5/24/10

My Son

All day long I've smelt a subtle scent of baby poop wafting around our home. I am fairly sure it's on me somewhere or maybe in my hair. Somehow, I just don't care all that much. In fact, this morning I found myself thinking baby poop sorta smells good. Am I crazy? I don't think I am, but this is what motherhood has done to me. It's made me not care as much about poop, dirtiness or organization. Yes, it's a new era for Amber. Not sure about David, but I think poop, dirtiness and messes have never really bothered him.

What is all this crazy talk? Am I going to let me house go to pot? Am I going to have poop diapers spread all over the house because I like the smell? Are my bills going to be piled on the desk forever? No, it's just the things that used to be so important are not as important right now. I'm soaking up time with my boy.
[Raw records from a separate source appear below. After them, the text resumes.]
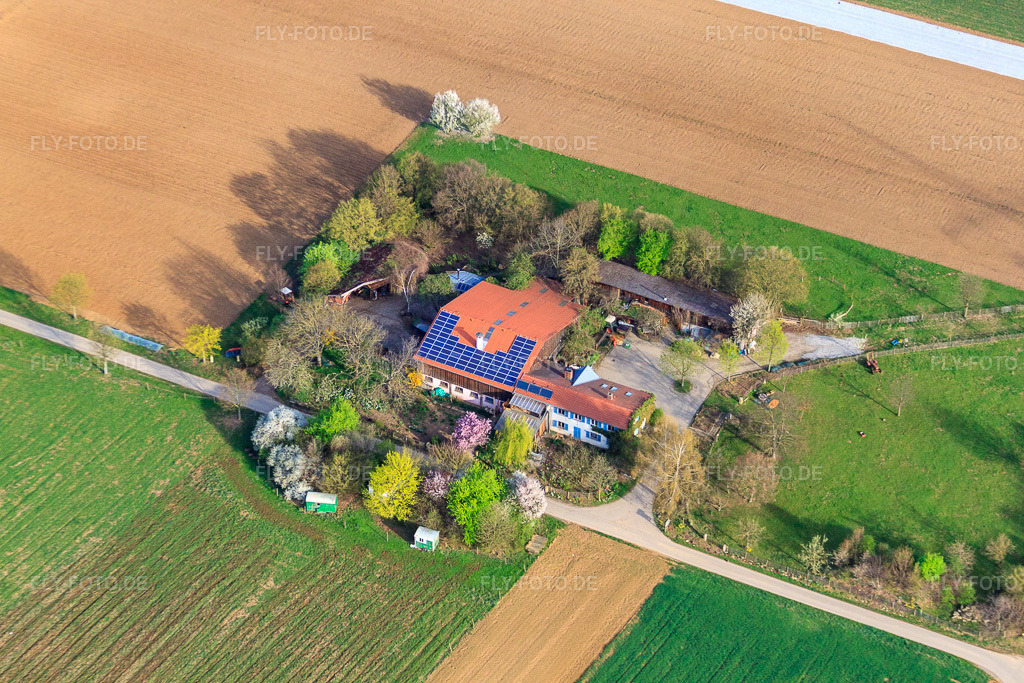 Luftbild: Schwalbenhof Leopold, Im Kornfeld in Möglingen im Bundesland Baden-Württemberg in Deutschland. Foto: IMG_39353.jpg vom 03.04.2011 durch Werner Riehm/FLY-FOTO.deSchwalbenhof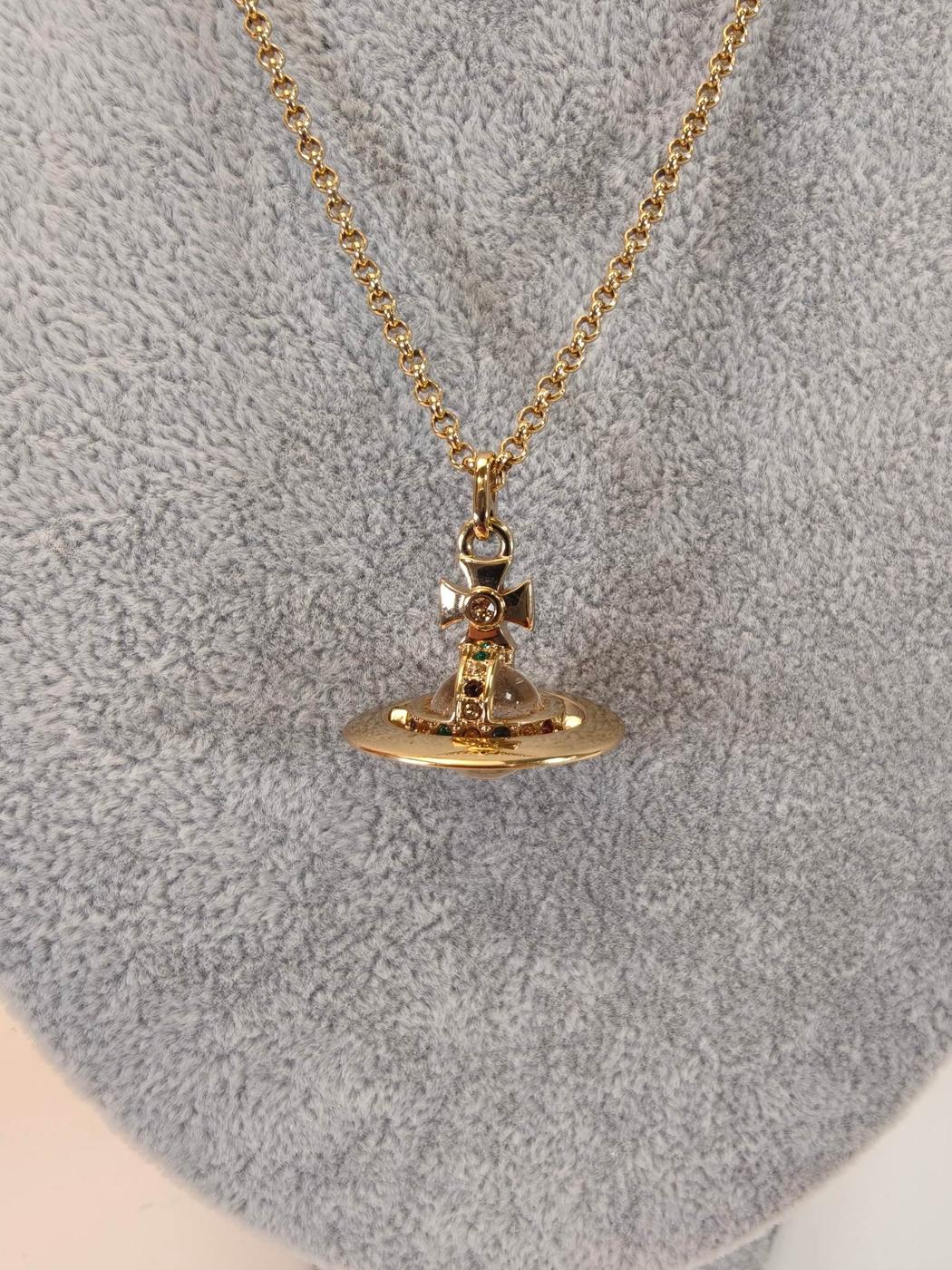 Vivienne Westwood ヴィヴィアン プチオーブ ネックレス ラインストーン ゴールド 管理番号：10462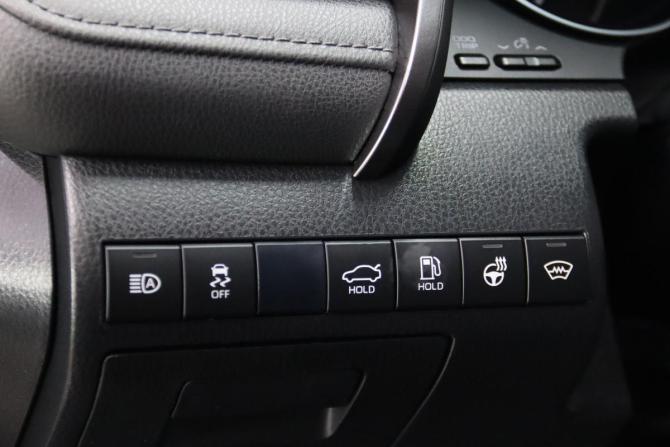 Toyota Camry VIII (XV70) Рестайлинг с пробегом 2021 года, цена 3 295 950 рублей, 80120 км, седан, Автокод Объявления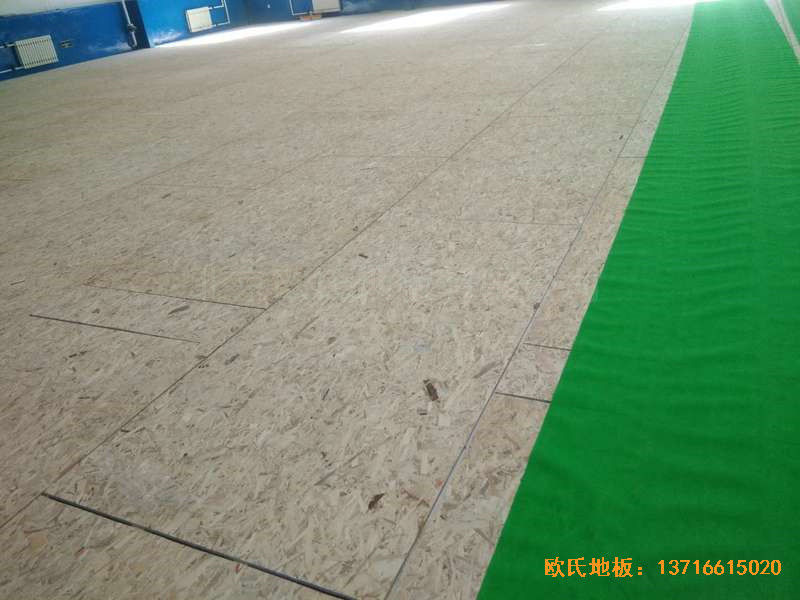 山西陽泉退休黨支部活動中心運(yùn)動木地板施工案例2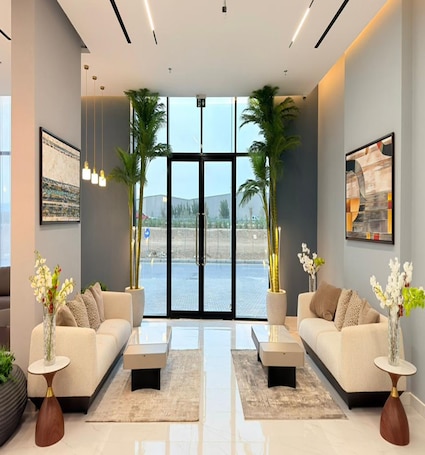 Reception. Luxury Apartment with Pool Gym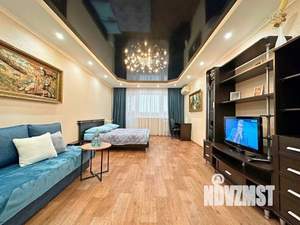 1-к квартира, посуточно, 54м2, 1/1 этаж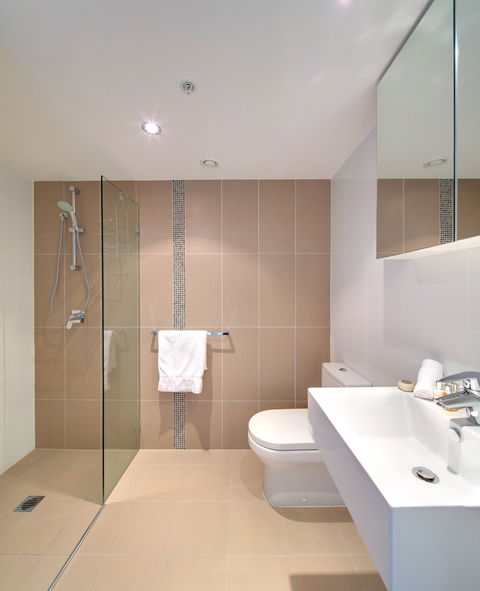 Zara Tower Serviced Apartments - Accommodation Mermaid Beach 8
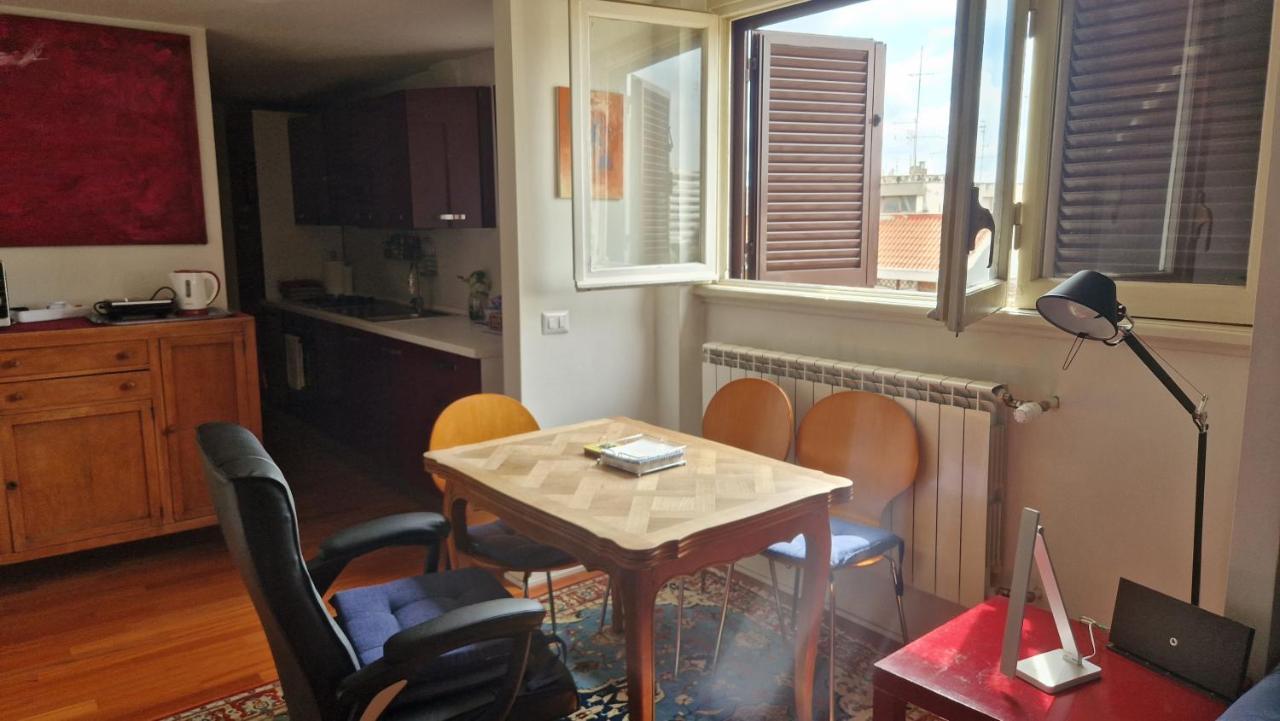 Casa Di Libri - Delizioso Appartamento A 10 Min Da Trastevere Rom Exterior foto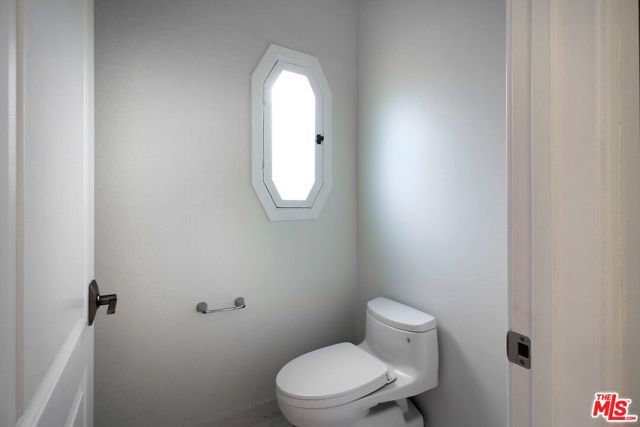 442 S ROXBURY Drive A, Beverly Hills, CA 90212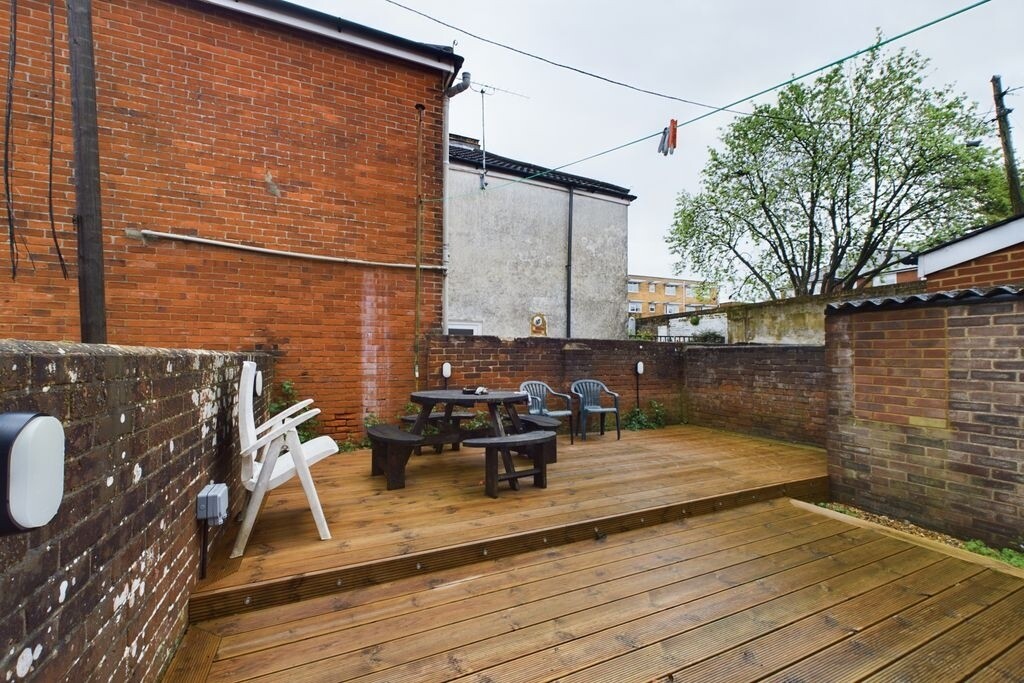 5 bedroom house for rent Devonshire Road, Southampton, SO15 2GH UniHomes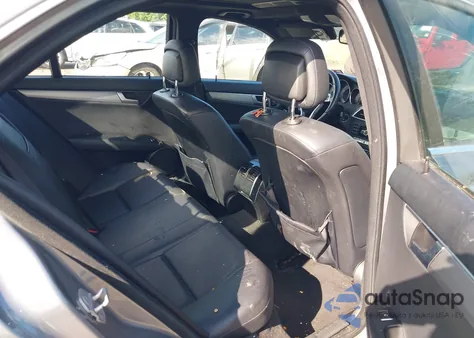 2014 Mercedes-Benz C 300 Sport 4Matic z USA, uszkodzony, nr VIN WDDGF8ABXEG231794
I think the reason is pure and simple, I am in love. Not the ewwwwy, gooey, yuck, gushy love, but the adoring, cuddling, nose-rubbing kind of love.

At least twenty times a day, I tell Charlie, "you are the cutest little thing EVER" and it's true, he is insanely adorable and such a good boy. He smiles and my heart ricochets around the room. Sometimes, I just look at him and he starts to laugh and when I approach him to continue the laughter, he laughs for so long and hard that I have to back away so he can catch his breath. Everyday, he becomes more interactive and engages more with the world around him.

I know, I know, he may soon become a little monster, spit and fire, but for now, I soak him up just the way he is....my son, ah, I love him.




1 comment:

  1. You are wrong: poop has always bothered me. A lot in fact.